Robledo walked to the door, with his characteristic swashbuckler rhythm, and stirred them up to more enthusiasm.
"Louder, you beggars, or I'll give you something to yell about--louder, I say!"
Dolores had slipped through the doorway, facing the road.
Suddenly she danced in through the entry again, happy and exultant.
"Her Highness has come, father. Her Highness!"
Old Pedro stumbled toward the balcony and peered over at her querulously.
"Father, father!"
"What is it, Dolores?"
"Her Highness, the Princess!"
The old man bustled down the stairs, trembling with added excitement, just as Maria Theresa and Nita were bowed into the tavern by a villager who had accompanied them from the delayed machine.
The peasants trooped into the room from the tap, howling with mediæval enthusiasm.
"Your Gracious Highness does my humble inn great honor," began Pedro, as his local guests imitated the clumsy courtesy with varying ability.
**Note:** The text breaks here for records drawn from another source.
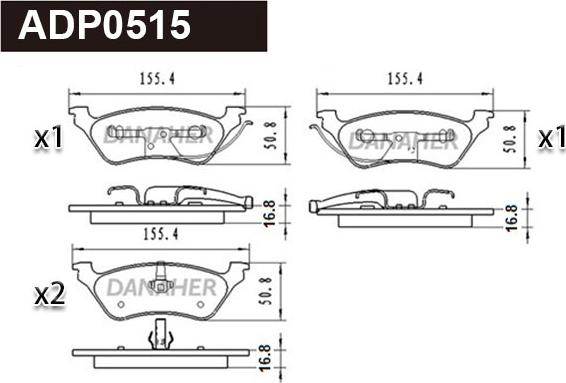 Danaher ADP0515 - Тормозные колодки, дисковые, комплект autospares.lv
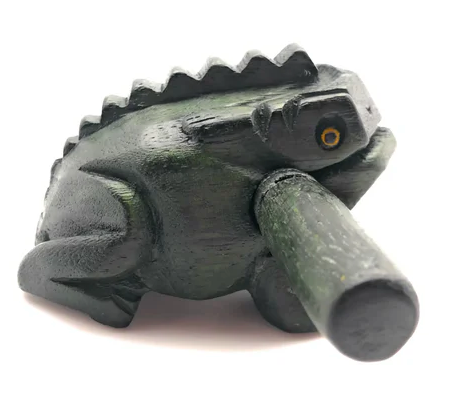 Wooden Croaking Frog | 3in Green shows a hand-carved green waxed frog percussion instrument with striker on white background.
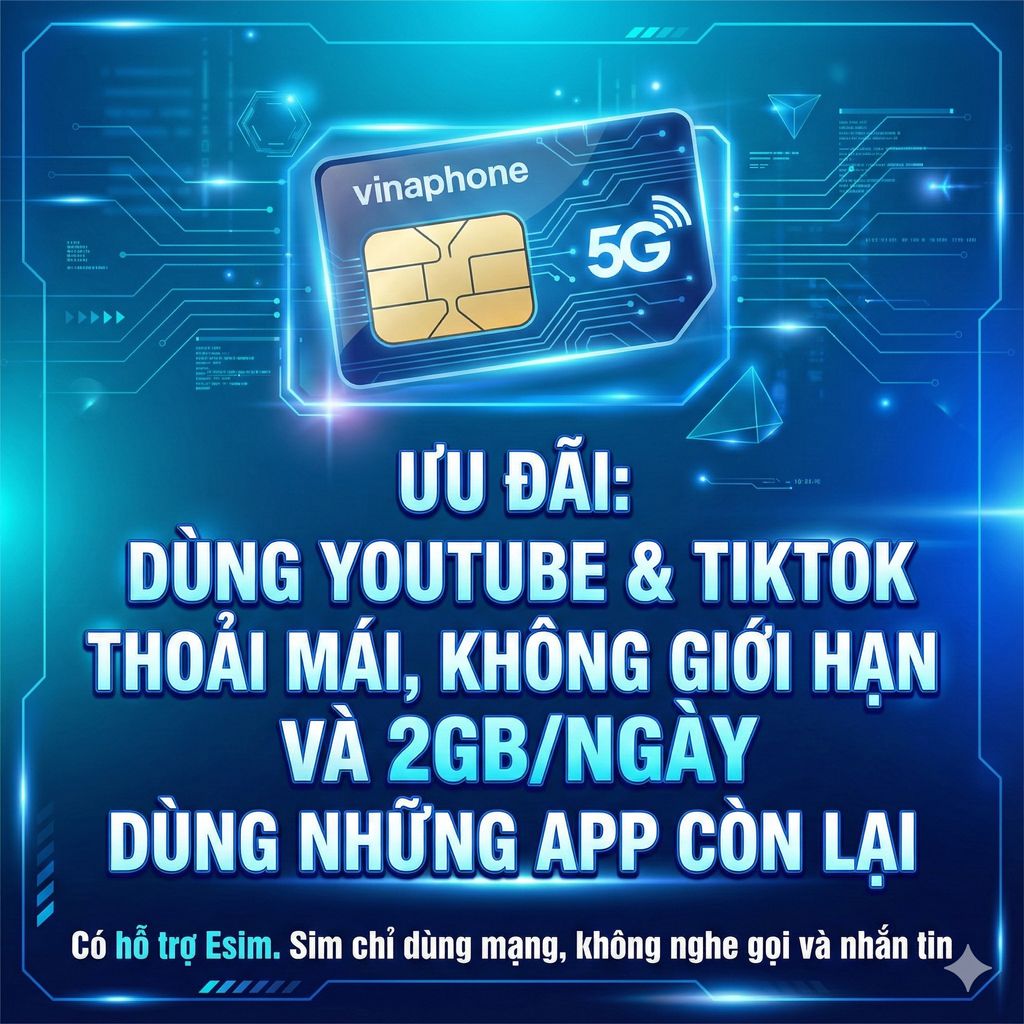 [Vinaphone] Sim Mạng 2GB/ngày + Dùng Youtube, TikTok thoải mái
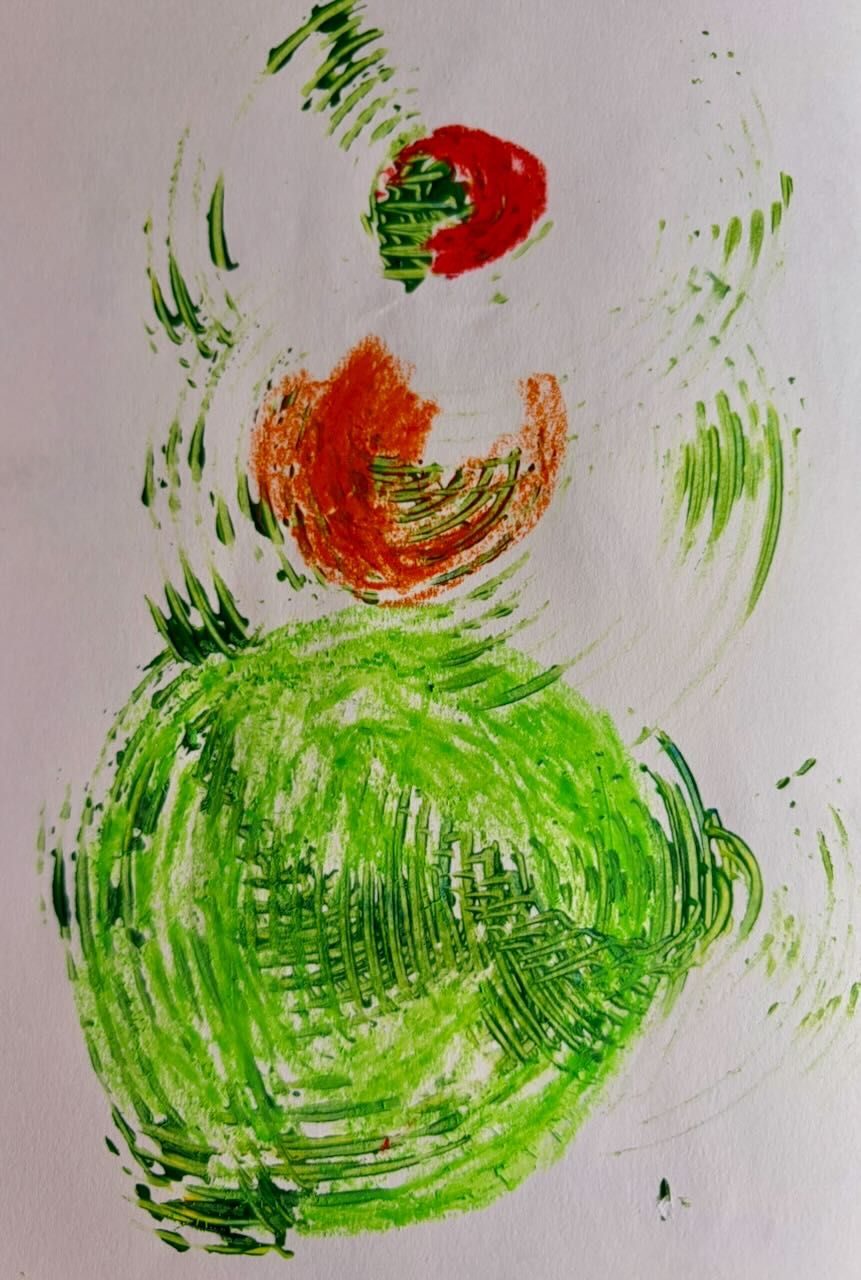 abstract circles with green back ground and red, orange and green circles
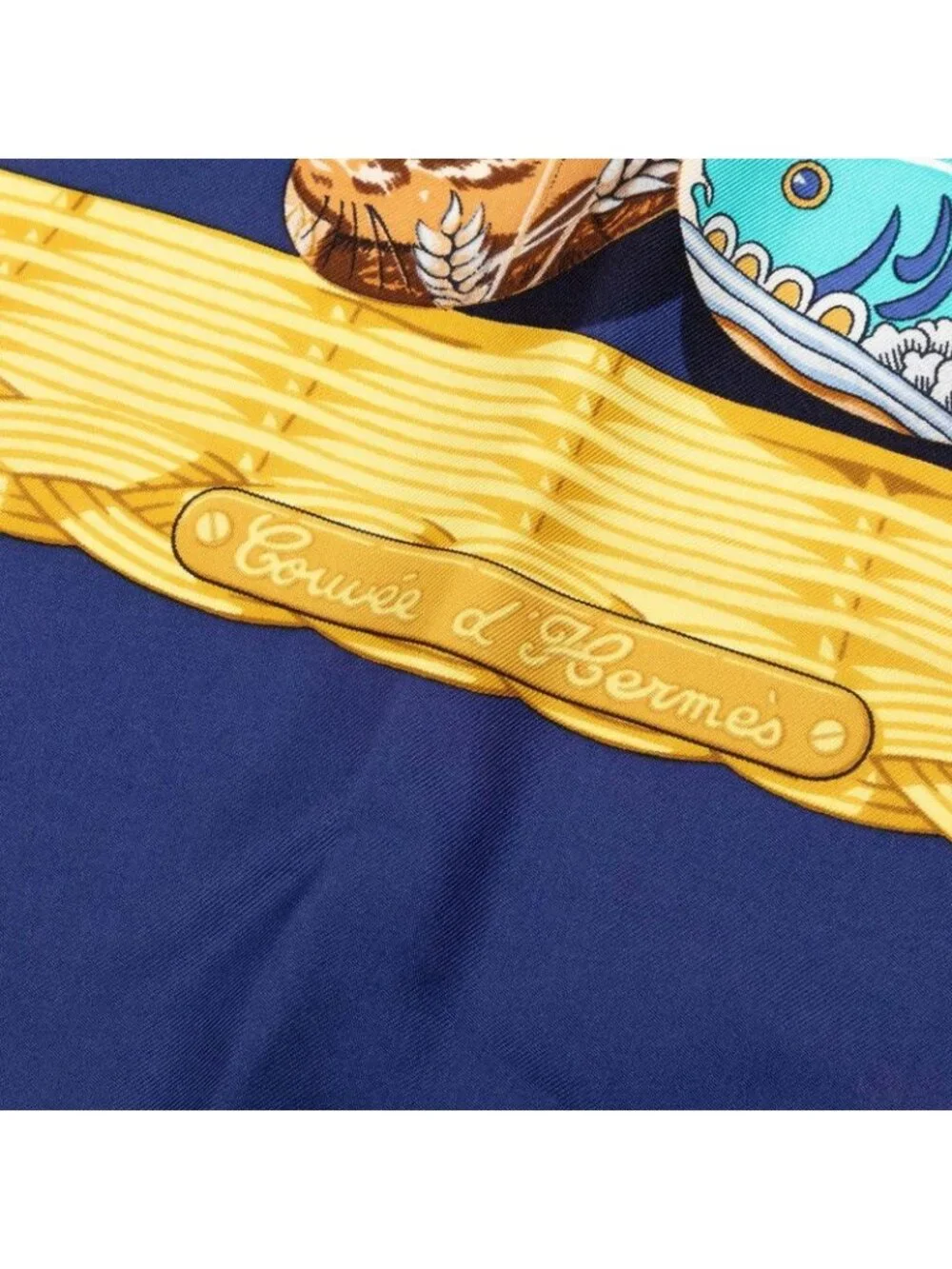 Hermes Carre 90 Couvee D'hermes Egg Scarf Navy Multicolor Silk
"Thank you, Pedro," replied the Princess graciously as one would address a polite child.
She held out her hand to Dolores, who kissed it reverently, with a bow and a bend of the knee.
"Your Highness, we are poorly prepared for this great favor, ill prepared indeed," apologized Dolores. "Your exalted cousin gave us but short warning of your coming. Our humble tavern is hardly fitting for a great lady."
"My child, any place to remove the dust of travel will do for me." She turned toward the villager at the door. "Tell my chauffeur that when he repairs the car I shall want it kept in readiness to use again."
Nita advanced anxiously.
"Your Highness is not thinking of going to the castle to-night, surely?" Her voice was politely remonstrative, with a note of apprehensiveness for the welfare of her mistress.
"But I must have news," declared the young woman impatiently. "I am frantic with worry, and the things which José has told me. Come to a room, Nita."
"Ah, your Highness, you are too brave, too determined. You are all worn out with this long trip. Better to wait until daylight, if I may be so bold as to suggest to your ladyship. You are all unstrung just now."